Task directions: Print, exactly as they stand, the lines below from the one that has "5-(benzylsulfanyl)-2-nitrobenzoic acid 化学構造式" to the one that has "Waukegan Efekt tekstowy", inclusive, leaving out the pictures.

The input:
+ + + + +

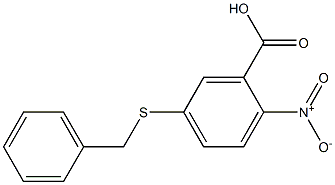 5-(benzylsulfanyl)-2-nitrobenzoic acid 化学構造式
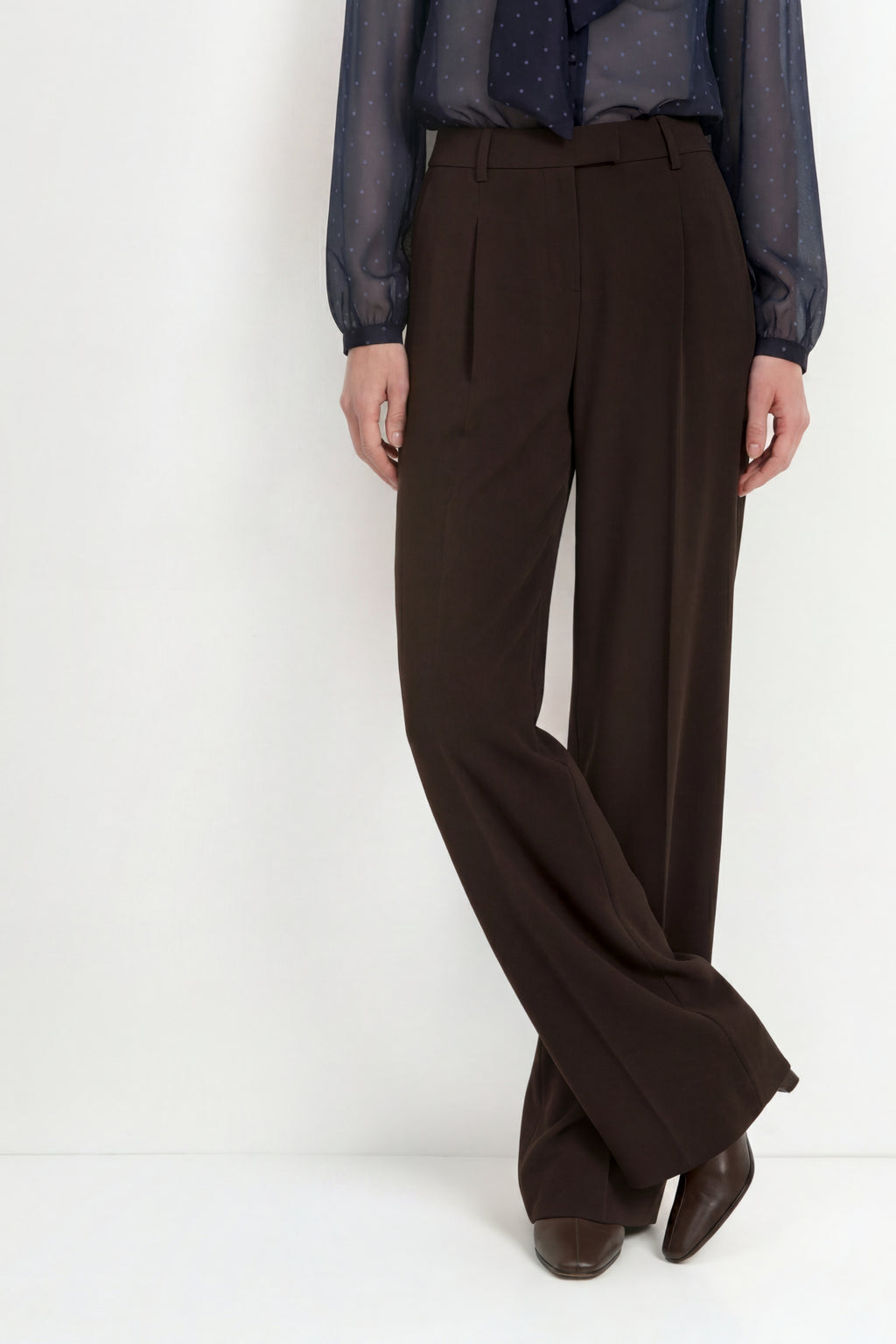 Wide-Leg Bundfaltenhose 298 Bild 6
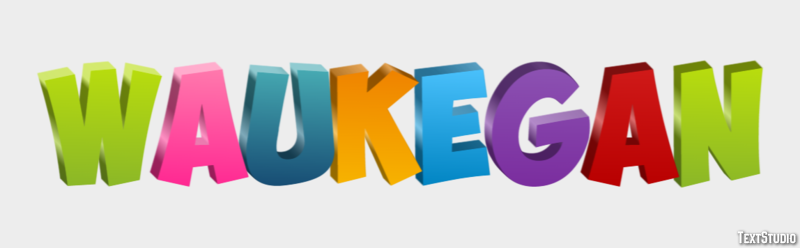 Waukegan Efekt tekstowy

+ + + + +

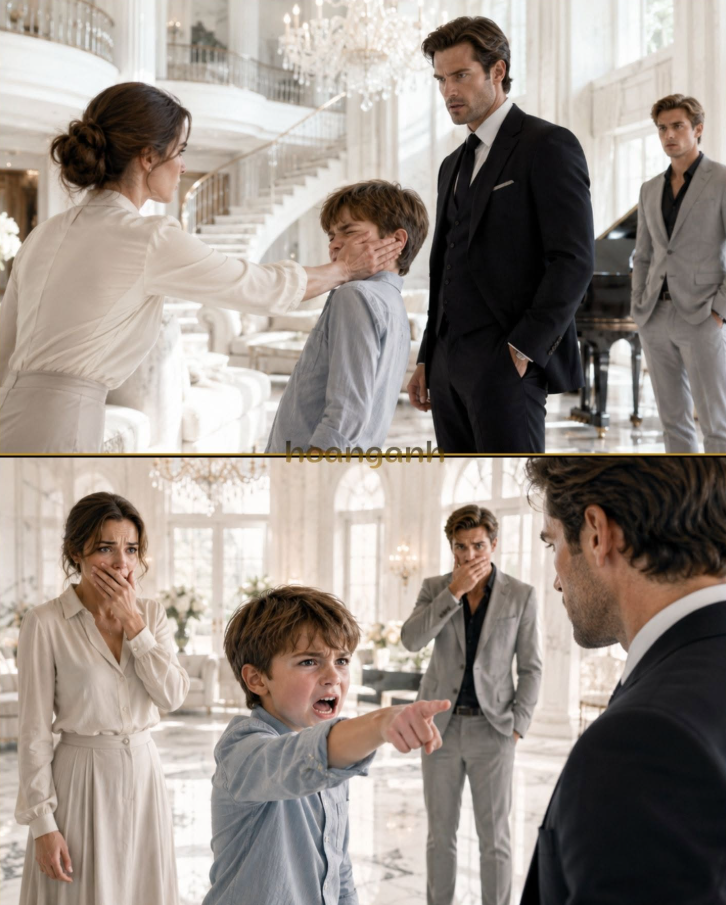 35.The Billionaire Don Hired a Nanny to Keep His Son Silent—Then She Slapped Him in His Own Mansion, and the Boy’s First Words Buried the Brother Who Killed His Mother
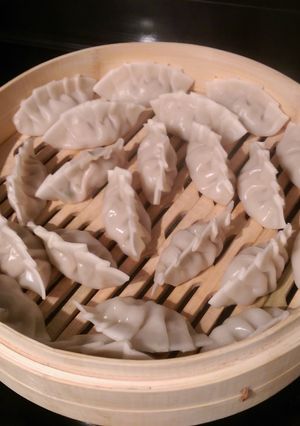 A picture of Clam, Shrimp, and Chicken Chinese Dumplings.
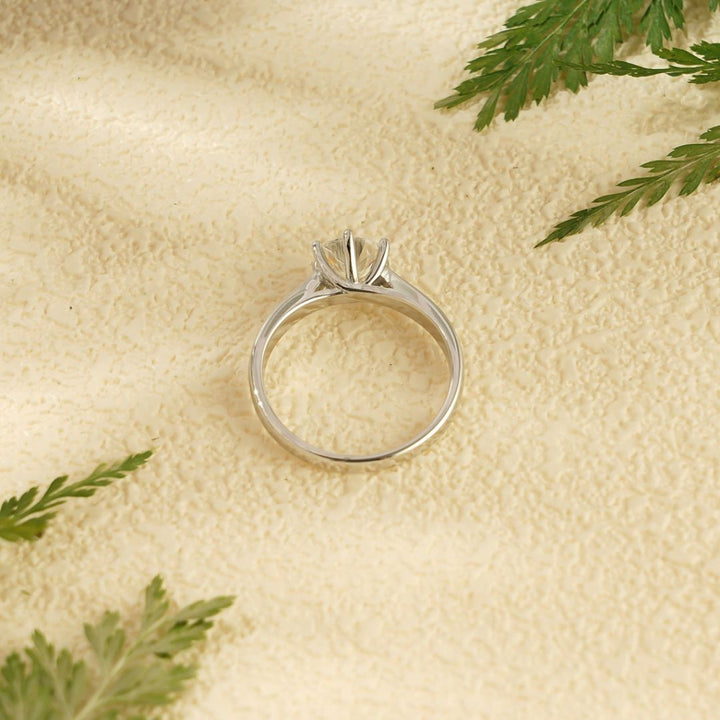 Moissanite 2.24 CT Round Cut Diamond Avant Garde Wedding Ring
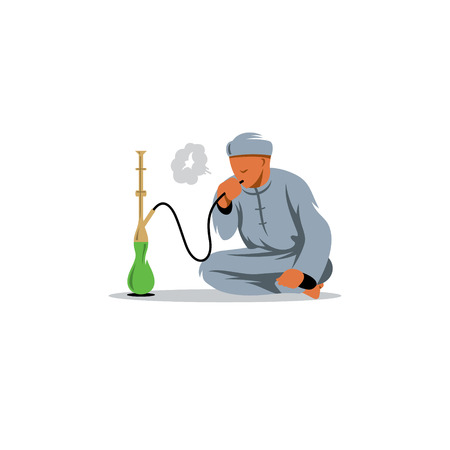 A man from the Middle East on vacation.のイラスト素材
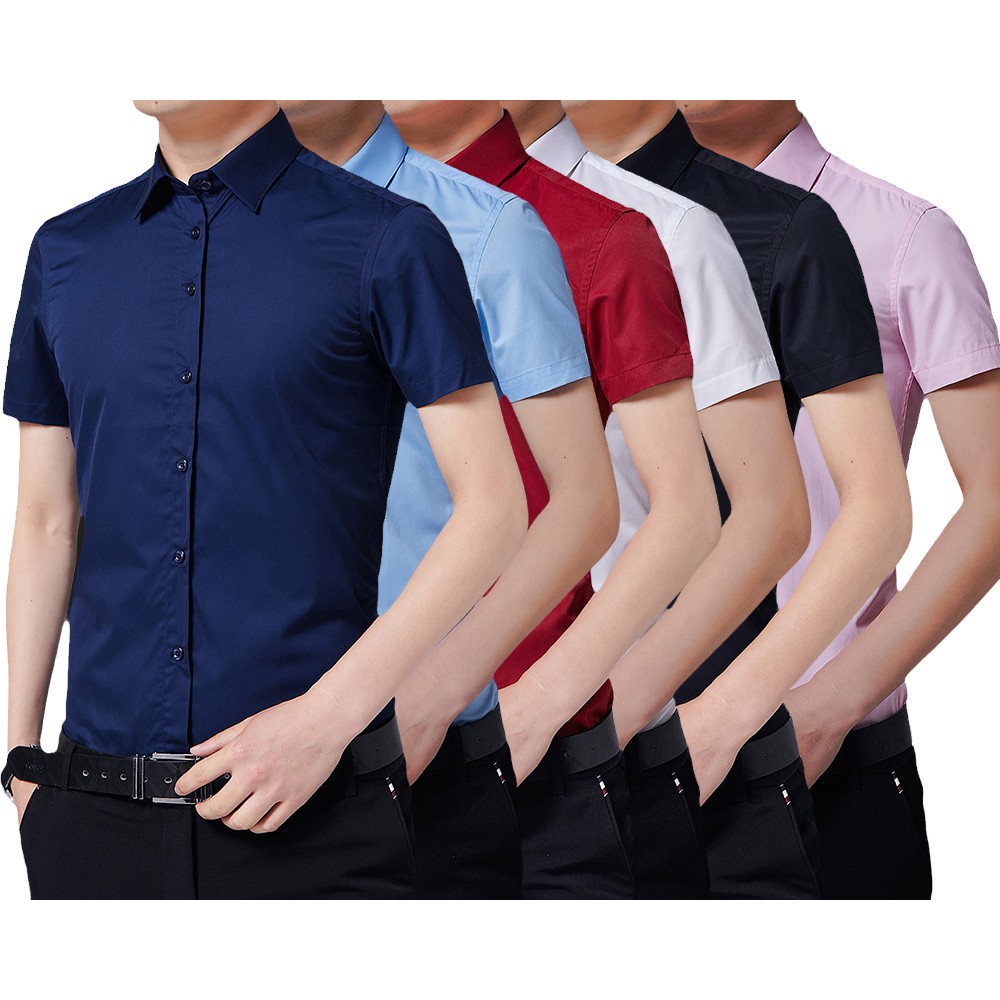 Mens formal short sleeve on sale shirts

+ + + + +

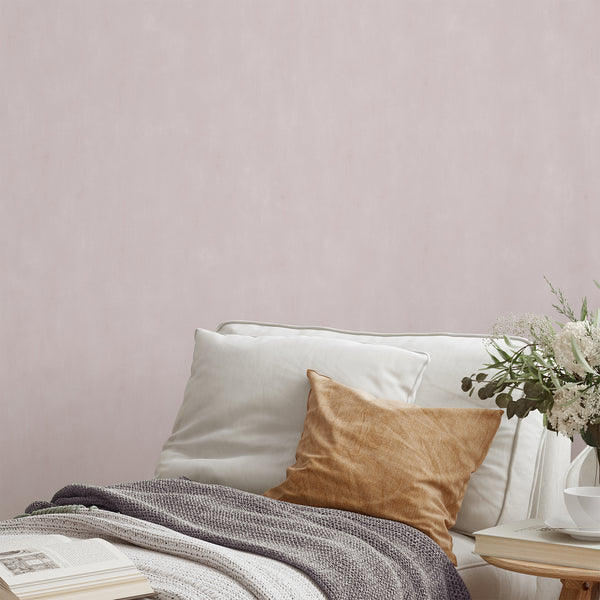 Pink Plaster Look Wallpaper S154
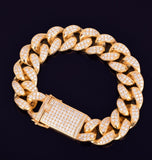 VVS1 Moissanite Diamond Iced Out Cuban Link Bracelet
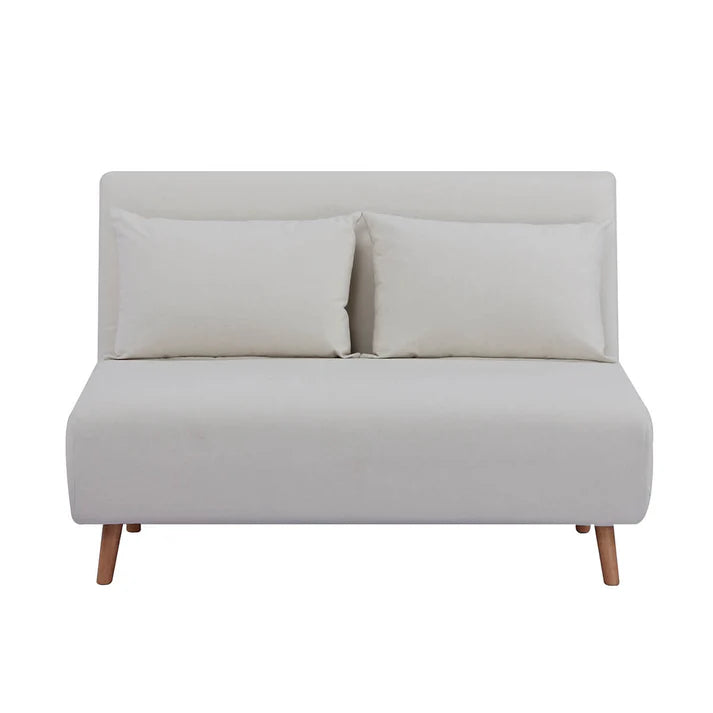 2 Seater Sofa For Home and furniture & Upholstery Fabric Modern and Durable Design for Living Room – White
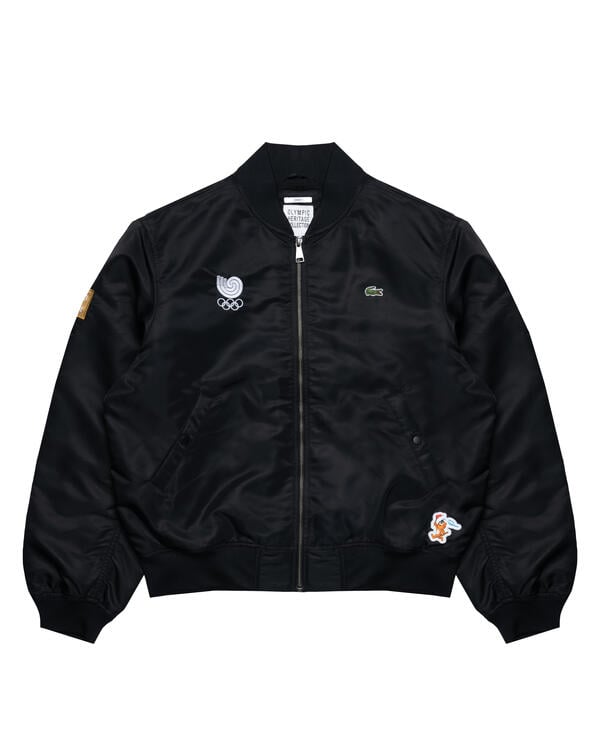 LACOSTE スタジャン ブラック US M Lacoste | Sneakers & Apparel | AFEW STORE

+ + + + +

Output for this task:
 5-(benzylsulfanyl)-2-nitrobenzoic acid 化学構造式
 Wide-Leg Bundfaltenhose 298 Bild 6
 Waukegan Efekt tekstowy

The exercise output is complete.